I then machined the flat, unclamped the hex ER block in the vice and rotated it one division on the hex section. The key to getting accuracy is to ensure the edge of the ER collet hex block bottoms out on the flat of the vice each time.
After 6 machining operations I had a perfect hexagonal head on the banjo bolt.
In this image you can also clearly see the 2mm diameter hole drilled in from the end.
Below you can see the finished banjo bolt sat on hexagonal ER collet block.
The pressure gauge on this boiler is tiny and the olive fitting is designed to take 1/16 inch OD copper tube.
The first thing for the copper tube is to form the U-bend. Hence turning it into a siphon tube. This means steam will condense in the U-bend and thus protect the gauge from the very high temperature steam and water.
In order to bend the tube one of the first jobs was to anneal the copper.
To anneal copper you just need to heat it up and then let it cool. To heat it up I used a methylated spirits burner. This will heat the copper up quite rapidly to a dull cherry red.
To ensure the copper tube doesn’t collapse whilst I’m bending it I machined a simple jig.
This jig is a piece of brass bar with a semi-circular 1/16 inch diameter groove. As pointed out by a friend it is better to machine the groove to a depth that matched the diameter of the tube. This then allows you to run a flat plate around the pipe and jig and ensures the pipe cannot expand sideways.
If it cannot expand sideways then the pipe will not go oval/flat whilst being bent.
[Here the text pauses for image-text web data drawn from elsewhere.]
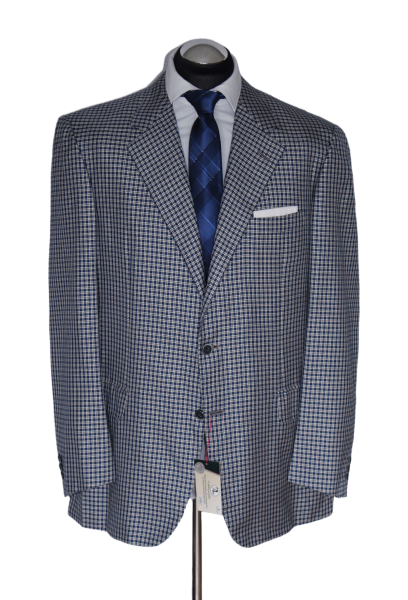 Brioni Sakko Gr. 56 SEIDE Schurwolle 3roll2 Blau Weiß handmade Palatino NP:5839€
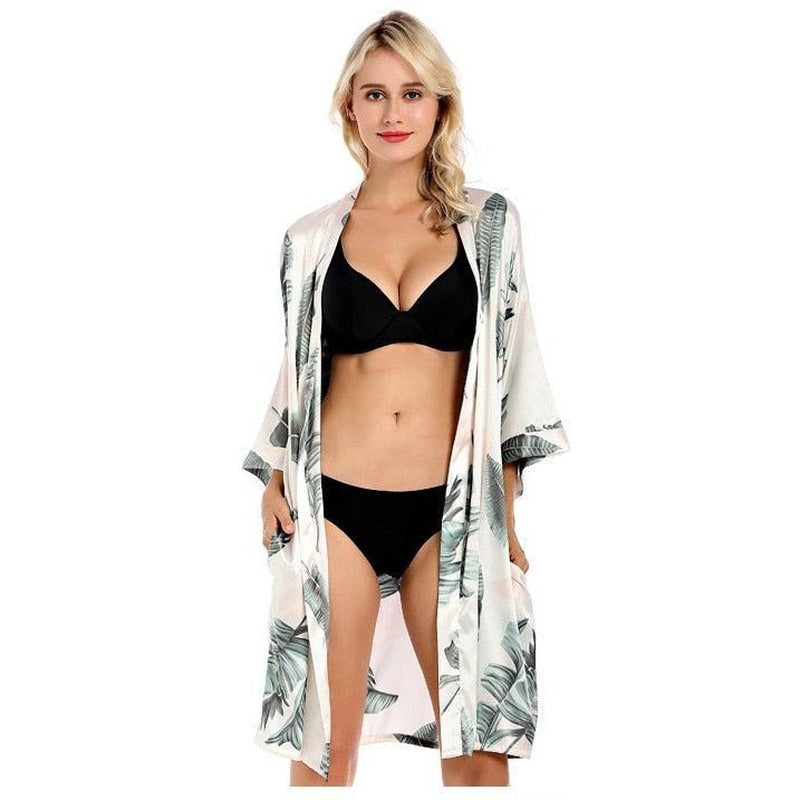 Peignoir Satin Fleuri Sexy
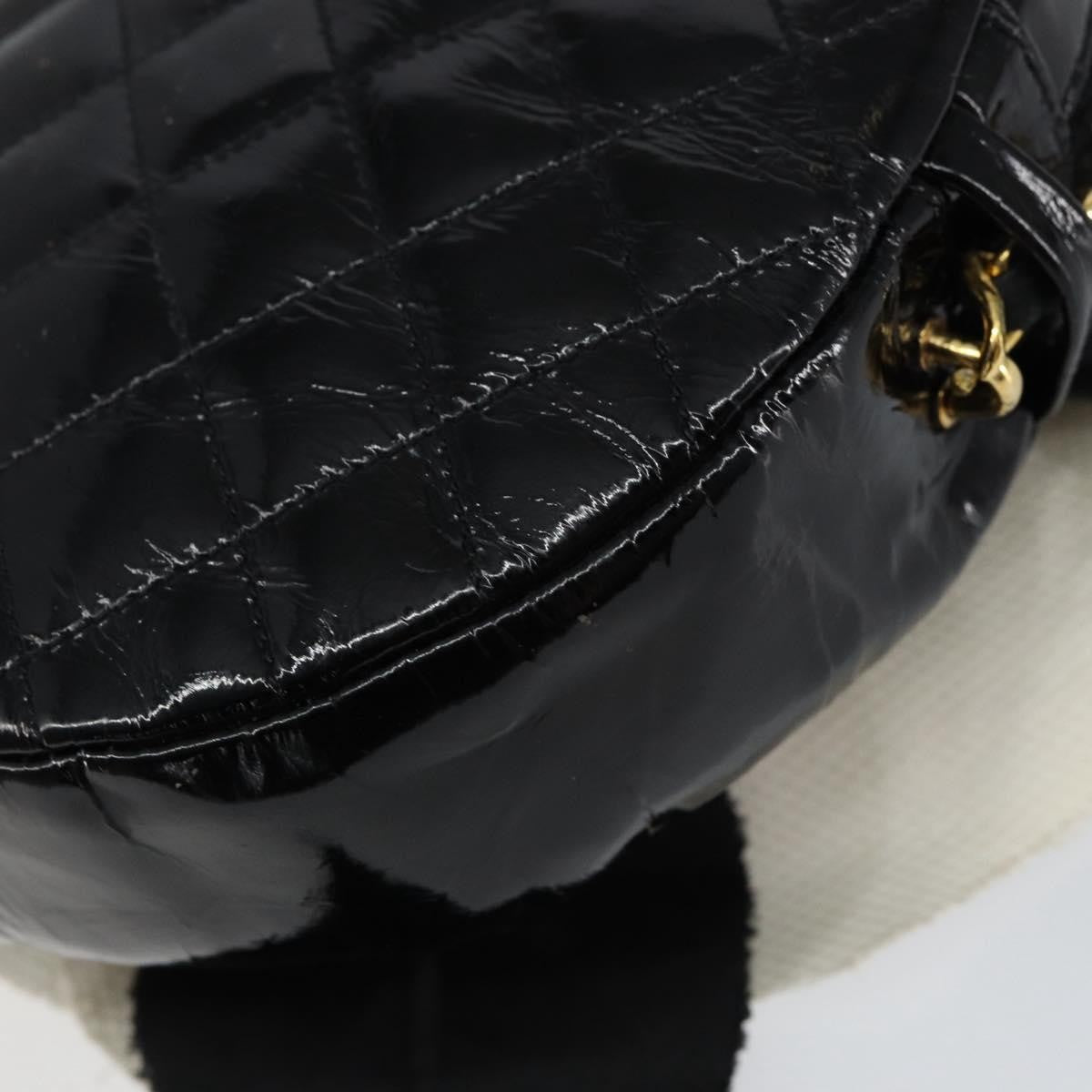 Chanel Vintage Camellia Round Evening Bag Lambskin and Satin, BLACK, PATENT_LEATHER, Clutche & pouche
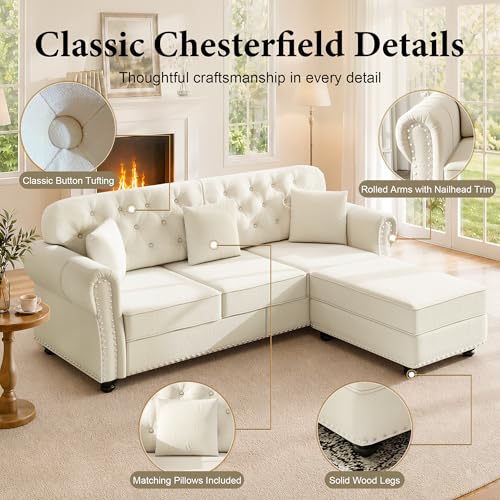 41.3" Velvet Chesterfield Sofa with Ottoman, view 7
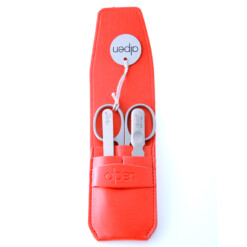 Alpen - Manikürset mit Lasche, 4-tlg., inox. (matt), Kunststoffetui, Rot - 6800R-RED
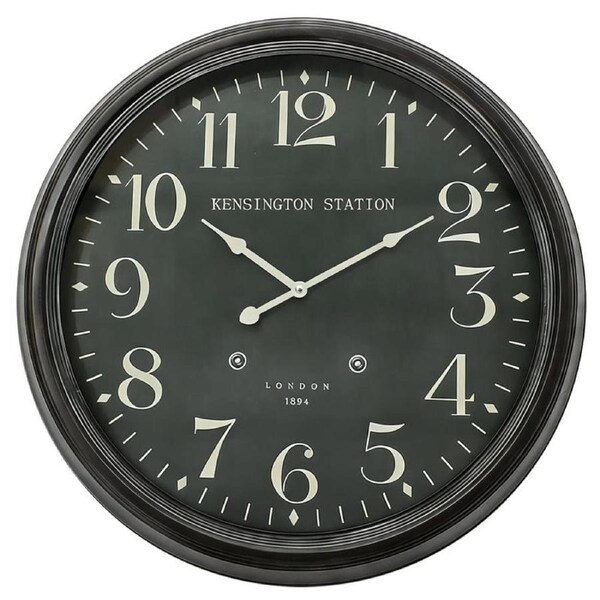 Metal Black Kensington Station Wall Clock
The siphon tube post bending it to a 9mm radius.
The siphon tube was then cut to length with a saw and both ends filed and deburred. I use a small drill to deburr the centre hole at each end.
Note: take care and blow the pipe through before fitting.
I silver-soldered the fittings to each end of the pipe. I used silver solder paste and a blow torch to get a very quick and neat finish. The size of these parts is more like jewellery and so silver solder paste is appropriate.
The banjo bolt and pressure gauge all in place on the boiler.